接下来你可以在Zeppelin的Interpreter页面配置Jdbc Interpreter来启用Hive。首先我想说明的是Zeppelin的Jdbc Interpreter可以支持所有Jdbc协议的数据库,Zeppelin 的Jdbc Interpreter默认是连接Postgresql。
启动Hive,可以有2种选择:
- 修改默认jdbc interpreter的配置项(这种配置下,在Note里用hive可以直接 %jdbc 开头)
- 创建一个新的Jdbc interpreter,命名为hive (这种配置下,在Note里用hive可以直接 %hive 开头)

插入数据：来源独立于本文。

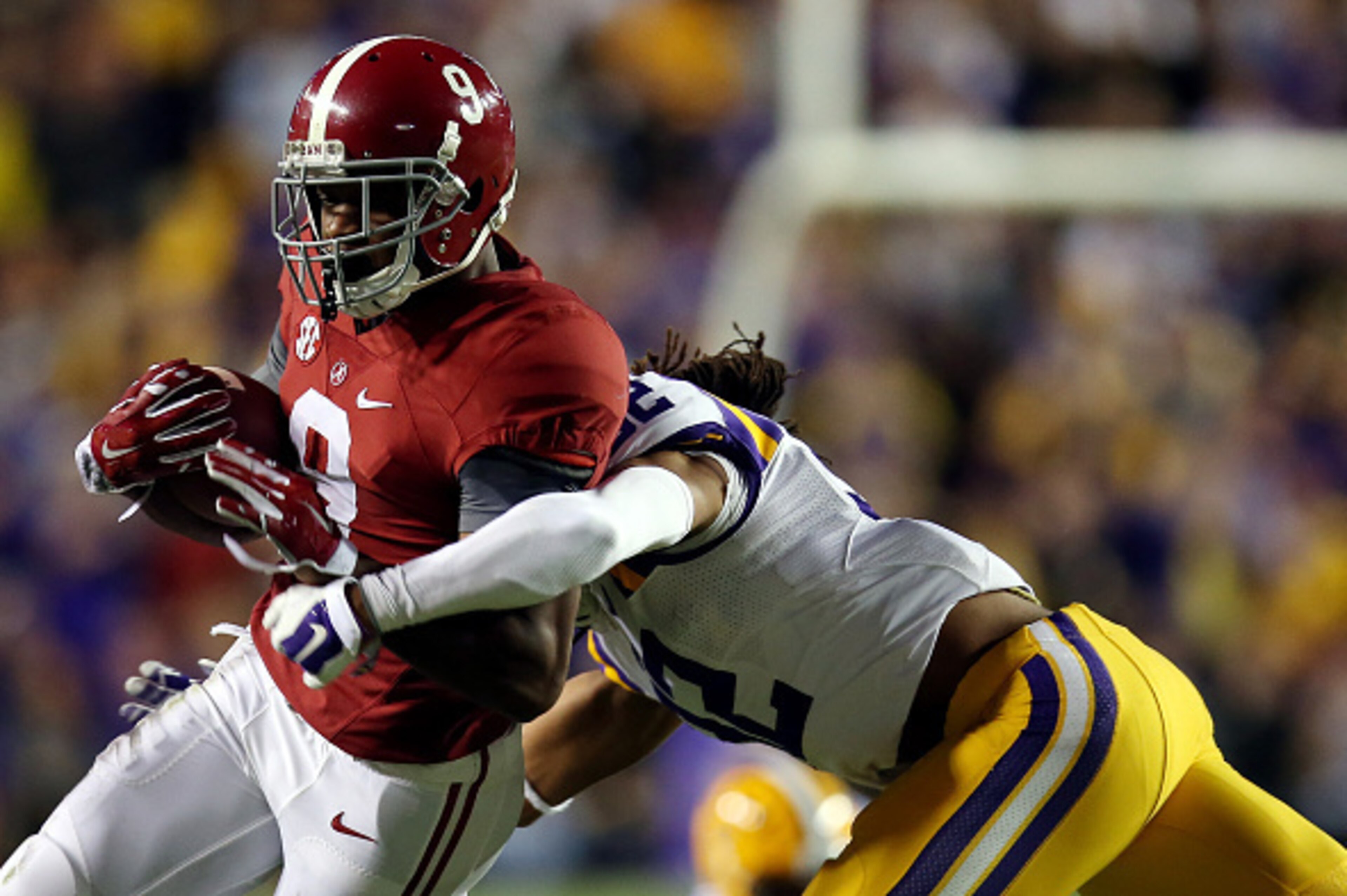 BATON ROUGE, LA - NOVEMBER 08: Amari Cooper #9 of the Alabama Crimson Tide is tackled by Jalen Collins #32 of the LSU Tigers during a game at Tiger Stadium on November 8, 2014 in Baton Rouge, Louisiana.  (Photo by Chris Graythen/Getty Images)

这里我会选用第2种方法。创建一个新的hive interpreter,然后配置以下基本的属性(你需要根据自己的环境做配置)
配置项 | 值 |
---|---|
default.driver | org.apache.hive.jdbc.HiveDriver (注: Zeppelin中无此jar,需要自己添加依赖) |
default.url | jdbc:hive2://hadoop001:10000 (端口号10000,是 hive 中 HiveServer2默认值) |
default.user | hadoop |
default.password | *********** |
-
添加依赖 (注: jar版本需要与hive的版本一致)
hive.url的默认配置形式是 jdbc:hive2://host:port/<db_name>, 这里的host是你的hiveserver2的机器名,port是 hiveserver2的thrift 端口 (如果你的hiveserver2用的是binary模式,那么对应的hive配置是hive.server2.thrift.port (默认是10000),如果是http模式,那么对应的hive配置是hive.server2.thrift.http.port,(默认是10001) 。db_name是你要连的hive 数据库的名字,默认是default。 -
hive 开启hiveserver2
[aaa@qq.com bin]$ ./hiveserver2 start
[aaa@qq.com lib]$ jps -m
9984 RunJar /home/hadoop/app/hive/lib/hive-service-1.1.0-cdh5.15.1.jar org.apache.hive.service.server.HiveServer2 --hiveconf hive.aux.jars.path=file:///home/hadoop/app/hive/auxlib/hive-exec-1.1.0-cdh5.15.1-core.jar start
- Zeppelin 操作hive中的表
hive on zeppelin 问题解决:
- java.lang.ClassNotFoundException: org.apache.hive.service.rpc.thrift.TCLIService$Iface
- 导入jar–hive-service-1.1.0.jar
java.lang.ClassNotFoundException: org.apache.hive.service.rpc.thrift.TCLIService$Iface
at java.net.URLClassLoader.findClass(URLClassLoader.java:382)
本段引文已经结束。